→ **TASK ITEM**: The reply should hold every line of the data below, unchanged, and none of the pictures.

------ MATERIAL FOR THIS TASK ------

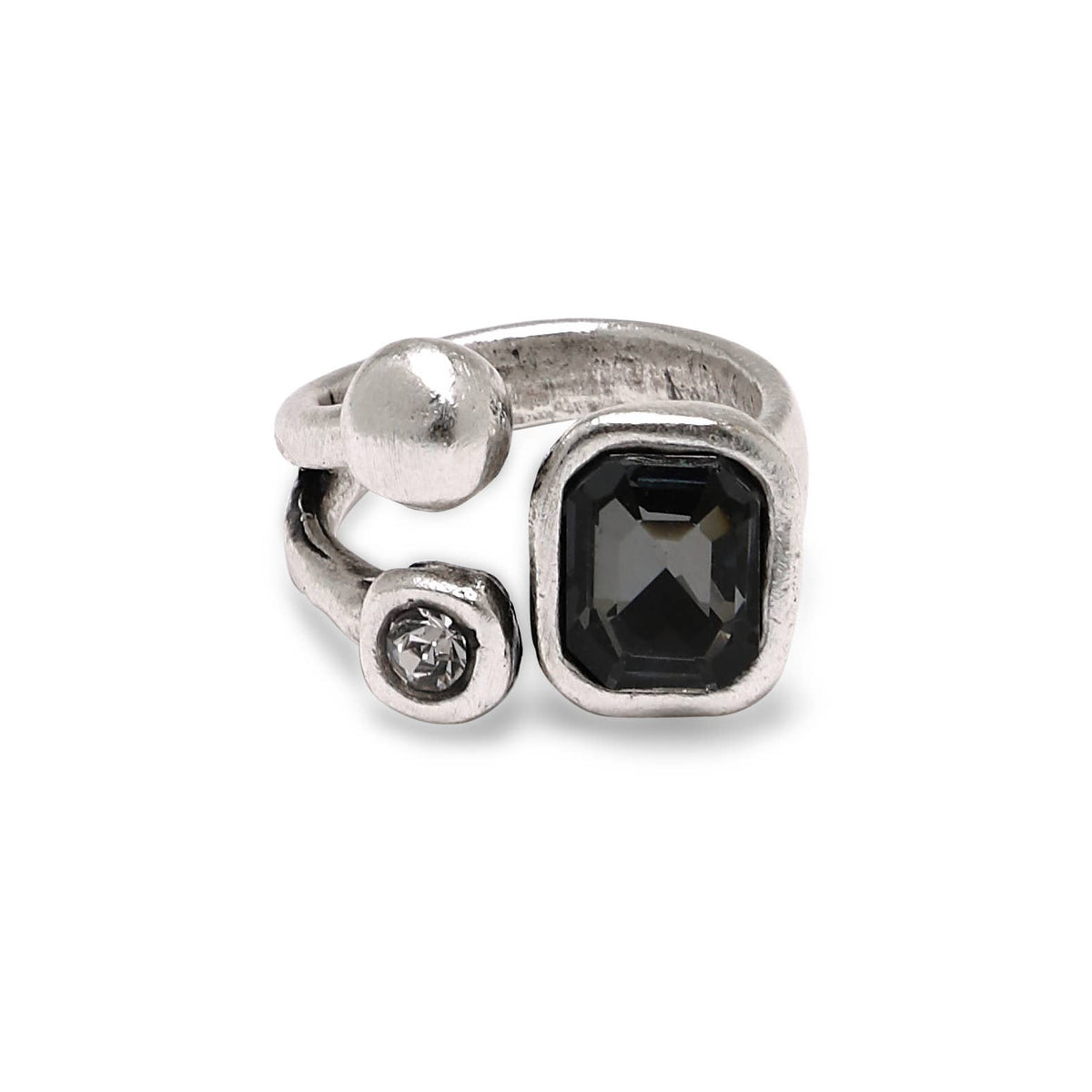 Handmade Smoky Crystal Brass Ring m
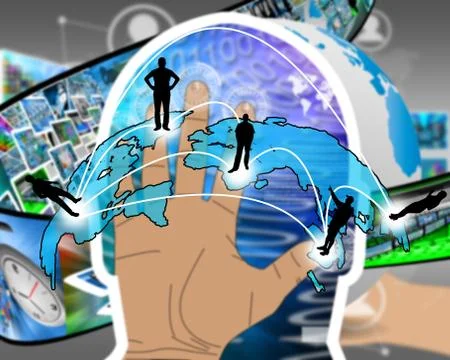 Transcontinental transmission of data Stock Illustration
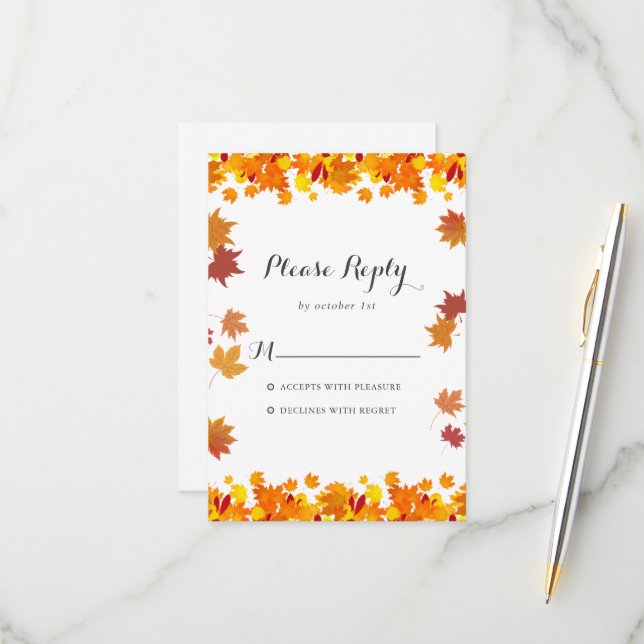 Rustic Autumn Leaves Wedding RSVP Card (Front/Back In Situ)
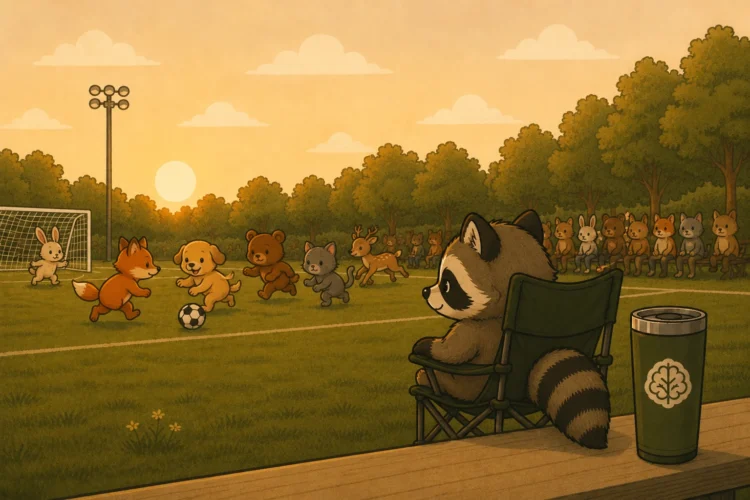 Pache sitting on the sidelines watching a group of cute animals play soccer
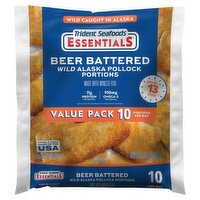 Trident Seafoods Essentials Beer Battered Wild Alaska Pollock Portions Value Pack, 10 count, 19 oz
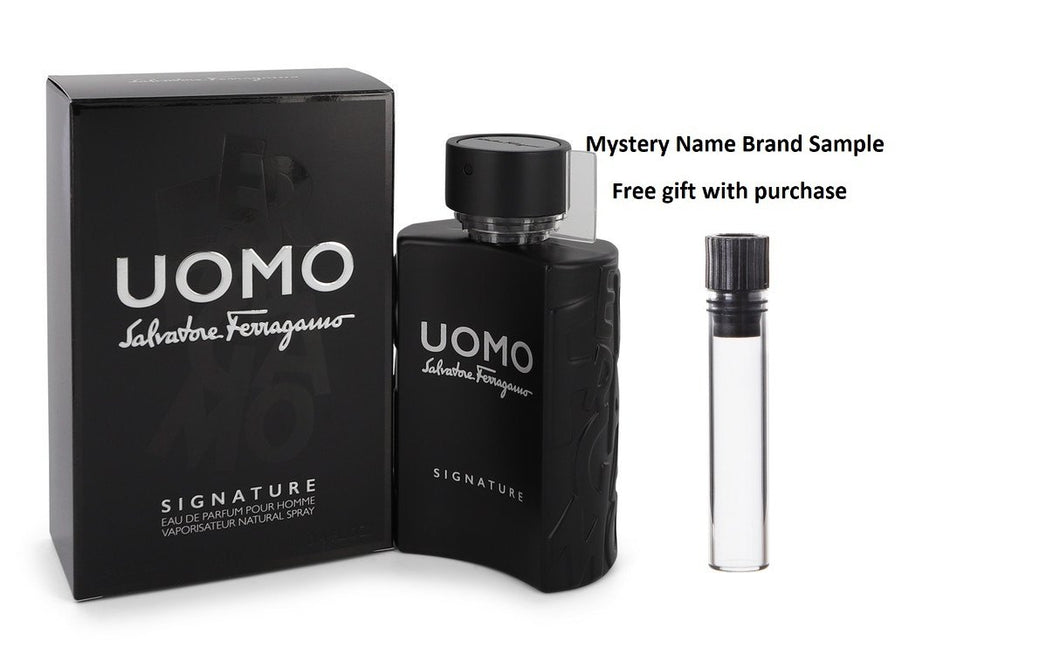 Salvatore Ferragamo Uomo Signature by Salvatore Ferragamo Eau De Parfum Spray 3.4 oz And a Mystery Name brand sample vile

------

→ **WORKED SOLUTION**:
 Handmade Smoky Crystal Brass Ring m
 Transcontinental transmission of data Stock Illustration
 Rustic Autumn Leaves Wedding RSVP Card (Front/Back In Situ)
 Pache sitting on the sidelines watching a group of cute animals play soccer
 Trident Seafoods Essentials Beer Battered Wild Alaska Pollock Portions Value Pack, 10 count, 19 oz
 Salvatore Ferragamo Uomo Signature by Salvatore Ferragamo Eau De Parfum Spray 3.4 oz And a Mystery Name brand sample vile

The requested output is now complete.